My rich dad taught me different. He said the game is rigged, and the only way to win is to understand how the rigging works.
These prediction markets? They're the latest rigging mechanism.
But here's what separates the rich from the poor and middle class. The rich don't play rigged games. They build their own games with their own rules.
True market insight doesn't require betting on bodies.
You want real information? Look at economic indicator markets. Inflation trends. Commodity flows. Productivity metrics. These tell you where money is actually moving without requiring anyone to die for your portfolio gains.
You want real opportunity? Look at private deal flow in B2B, real estate, and fintech. Tangible businesses solving tangible problems for tangible customers.
You want real protection? Look at assets that thrive in instability without creating it. Gold. Silver. Bitcoin. These don't need wars to generate returns.
I've been pounding the table on gold since it was around $300 an ounce. People laughed. They called me crazy. Now gold's pushing toward all-time highs and those same people are scrambling to catch up.
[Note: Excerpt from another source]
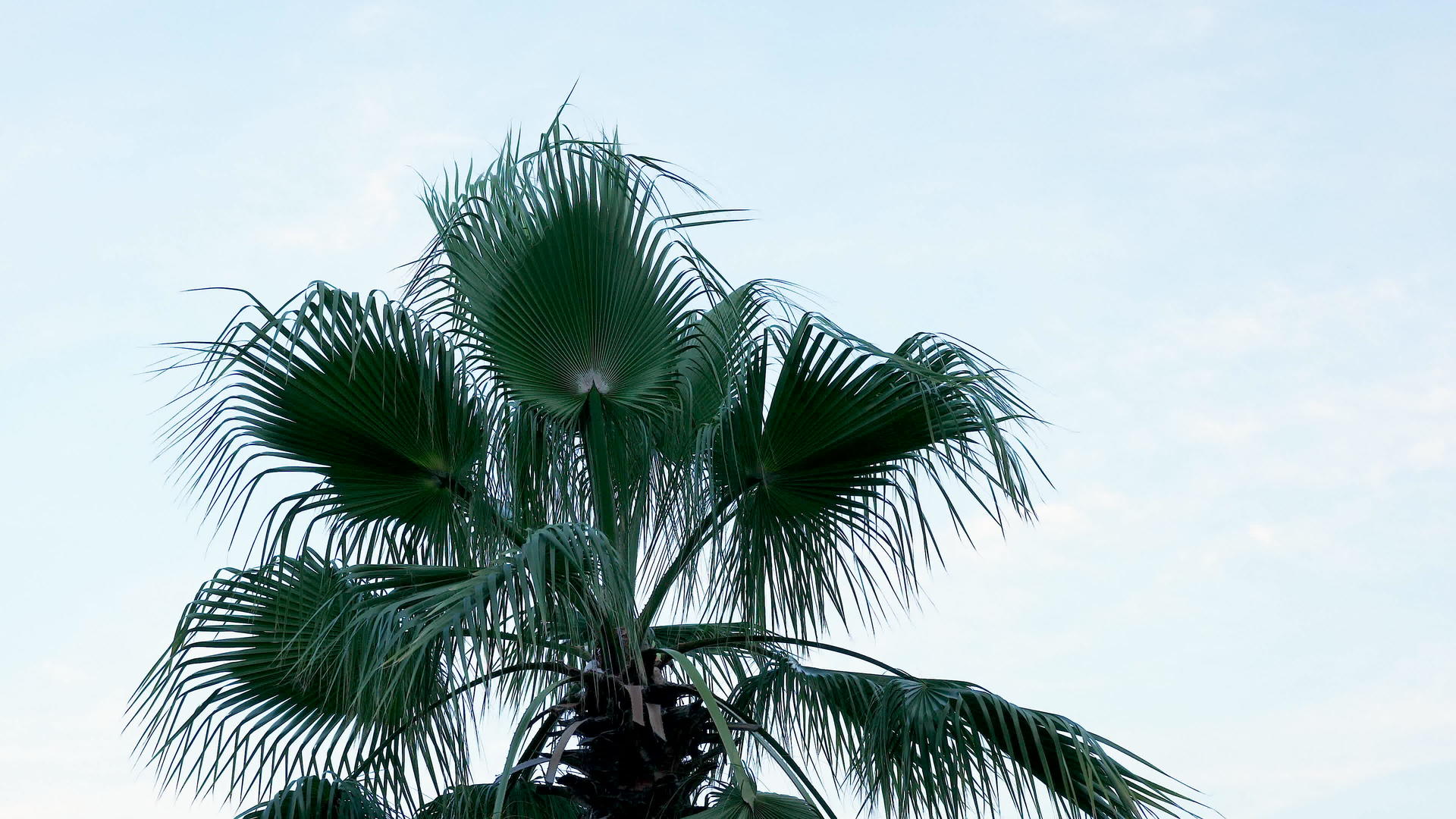 蓝天上的大枣树视频的预览图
While gamblers chase war profits, smart money does three things.
First, they flee unregulated prediction platforms. These aren't investments. They're casino chips dressed up in financial language.
Second, they triple down on cash-flowing private deals. Real businesses. Real revenue. Real assets you can touch and verify.
Third, they use REAL economic signals. Not bloodshed metrics. Not conflict odds. Actual data about actual economic activity.
My rich dad used to say, "The poor and middle class work for money. The rich have money work for them."
Betting on prediction markets isn't having money work for you. It's gambling. And in gambling, the house always wins.
Especially when the "house" bets against peace.
Look, I'm not naive. I know geopolitical instability creates opportunities. I've written about it for decades. When I came back from Vietnam, I understood that chaos and opportunity often walk hand in hand.
But there's a difference between preparing for instability and profiting from creating it.
The prediction market crowd wants you to believe they're providing a public service. "Information aggregation," they call it. "Crowd wisdom."
Baloney.
They're running a casino where the chips are measured in human lives. And they're laughing all the way to the bank while regular Americans worry about their sons and daughters getting shipped overseas.
I didn't fly combat missions so Wall Street could turn war into a spectator sport with betting windows.
The financial education system failed you. Schools taught you to save money in a bank while inflation ate your purchasing power. They taught you to trust your 401(k) while insiders front-ran every trade. Now they want you to think betting on geopolitical chaos is "sophisticated investing."
It's not sophisticated. It's sick.
Real wealth comes from understanding cash flow. From owning assets that produce income whether markets go up or down. From building financial intelligence that lets you see through the smoke and mirrors.
That's what I've spent my entire career teaching. That's what Rich Dad Poor Dad was really about. Not getting rich quick. Getting smart permanently.
The prediction market gamblers will have their day. They always do. But when the music stops, and it always stops, they'll be left holding worthless positions while the smart money sits on gold, silver, Bitcoin, and cash-flowing private deals.
I know which side of that trade I want to be on.
The house always wins in rigged games. Especially when the "house" bets against peace.